東京五輪聖火リレーの中止を検討している島根県の丸山達也知事が、新たな条件でリレー開催を容認する方向であることが5日、分かった。新型コロナウイルスの感染拡大地域以外の飲食店支援は引き続き求めるものの、リレー開催の可否判断と引き換えとする方針は転換する。(原田准吏)

 丸山知事は6日、大会組織委員会幹部に面会し、ランナーを先導するスポンサー車両や関連の人員を除くことを条件に、開催容認を伝える。自民党の県選出国会議員にも説明する。

 関係者によると、方針転換の背景には、与党で新型コロナウイルスに関連した追加経済対策や補正予算を検討する動きがある。3月25日に、福島県をスタートした聖火リレーを拒絶すると、政府の態度が硬化する可能性があると判断したとみられる。

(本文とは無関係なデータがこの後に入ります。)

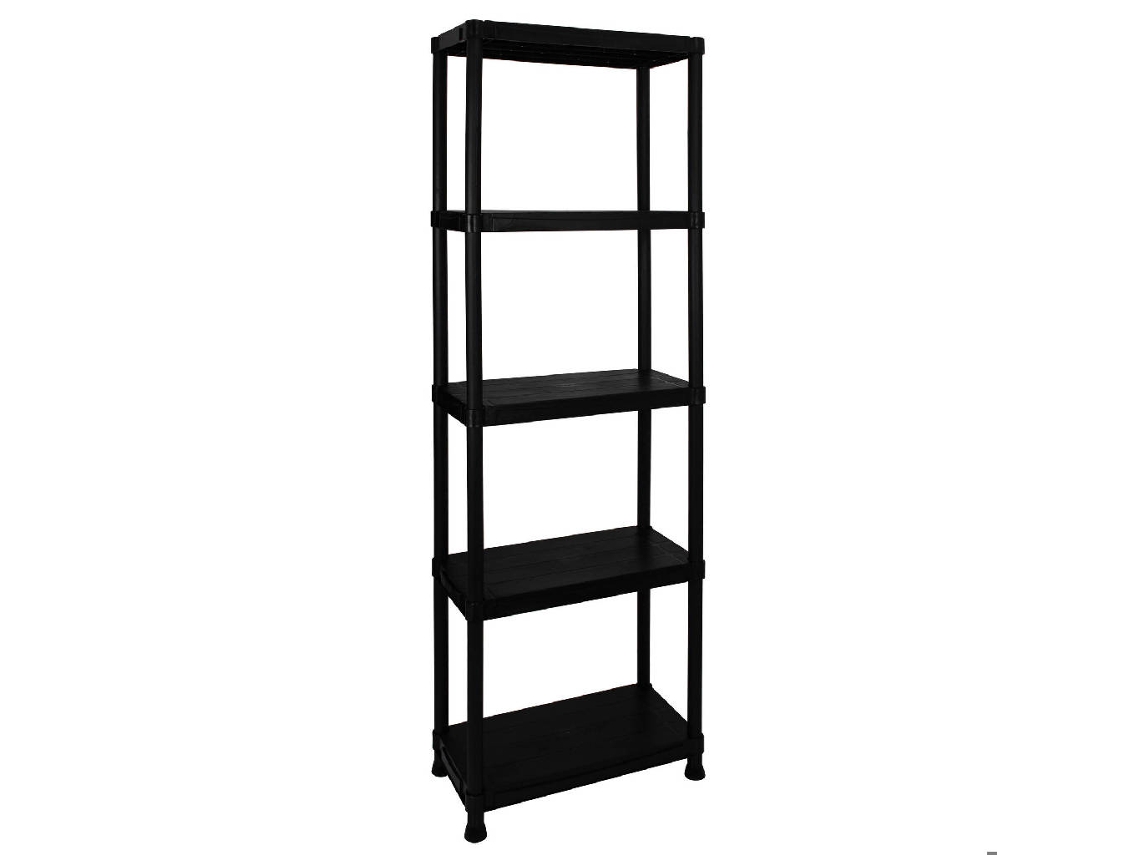 Estante de Plástico 5 Prateleiras 61x30x175cm Preta ITOOLS emb. 1 un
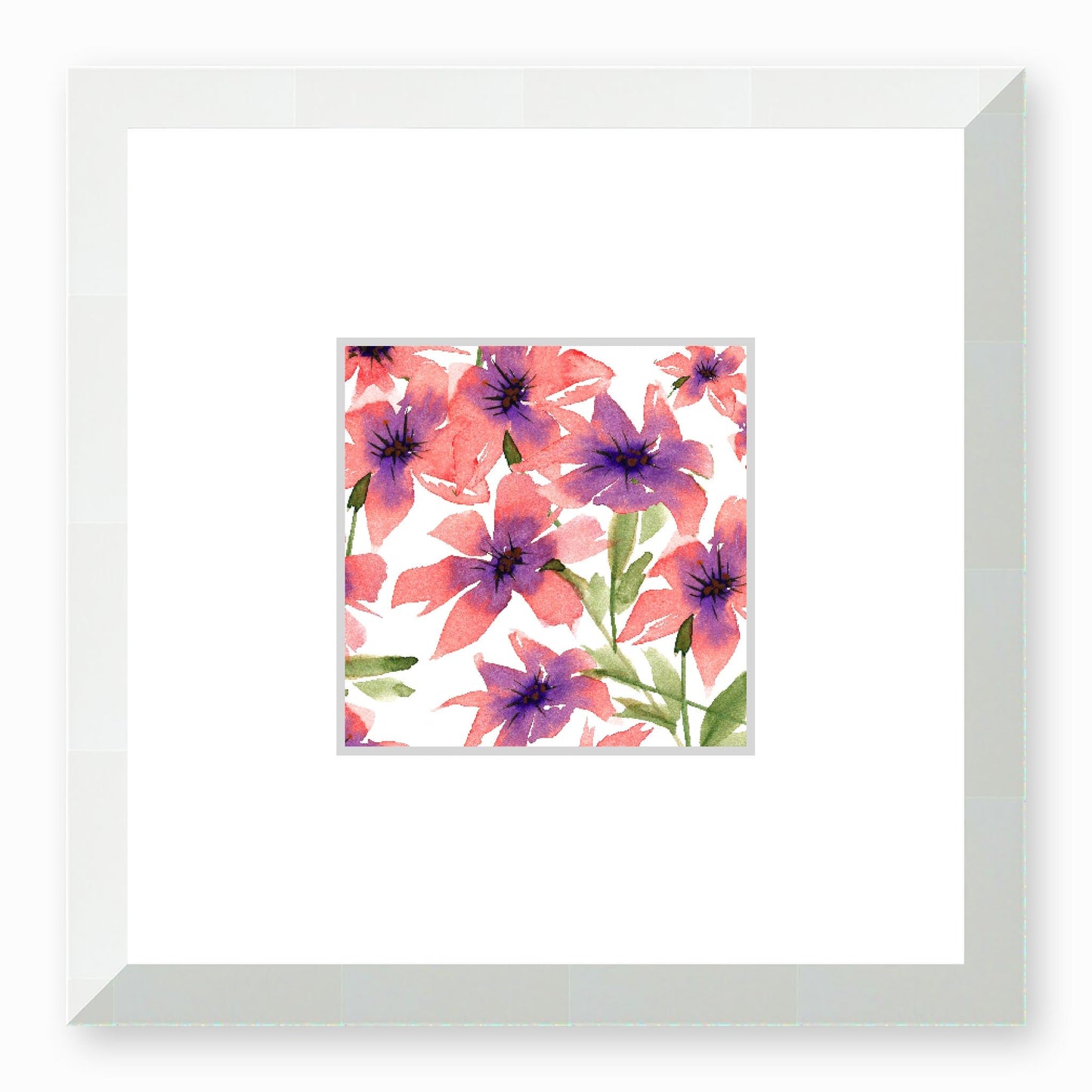 Framed Fine Art Print, Faux Mat - 12x12 inches | Pink Floral Watercolour, fms-1340-002, Prints, Fine art, White Frame,12 x 12 inches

 丸山知事は2月17日、コロナで疲弊する飲食店への支援に地域格差があることや、政府や東京都の新型コロナウイルスの感染拡大を封じ込められない対応を問題視し、聖火リレーの中止検討を引き合いに改善を促した。リレー開催の可否は4月中旬に判断するとしている。

 発言をきっかけに34道県の知事がまとまって経済支援の格差是正を求める動きに発展するなど、議論を先導してきた。今後は正攻法で具体策を求めていくことになるが、奏功するかどうかは見通せていない。